ANOHNI to Protest Uranium Mine With 110-Mile Walk Across Australian Desert

Singer Antony Hegarty (L) poses with Aboriginal artists in front of the painting 'Kalyu', meaning water, at Sydney's Museum of Contemporary Art on June 22, 2015. The Aboriginal group is protesting a proposed uranium mine on their land in Australia's remote far northwest on the edge of the Great Sandy Desert. Hegarty, best known for his work with Antony and the Johnsons, said he supported the protest and that environmental issues were a global problem.AFP PHOTO / Saeed KHAN (Photo credit should read SAEED KHAN/AFP/Getty Images)

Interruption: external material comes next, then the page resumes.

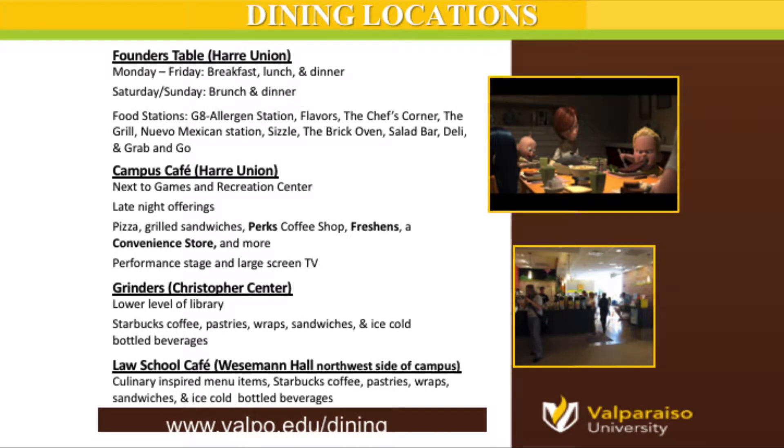Let's talk about dining services. Here at Valpo, we have four standard dining locations. Our main dining location is Founders, located on the first floor of the Hari Union — their breakfast burrito bar comes highly recommended. Second is the Campus Cafe, also on the first floor of the Union, across the hall from Student Mail Services and next to the games and recreation area, featuring a new addition called the Green Fork. Third is Grinders, our cyber cafe on the lower level of the Christopher Center Library. Lastly is the Law School Cafe, located at Wiesman Hall.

ANOHNI has announced that two days from now, she plans to join the Martu, an indigenous Australian community, on an eight-day, 110-mile walk across the Western Australian desert. The move, which will include more than 100 Martu people from in and around Parnngurr, is a protest against plans to build a uranium mine within 50 miles of the community. The plan is a joint venture between Cameco and Mitsubishi and has received approval from the federal government, posing “a threat to [the Martu people’s] wellbeing,” according to ANOHNI.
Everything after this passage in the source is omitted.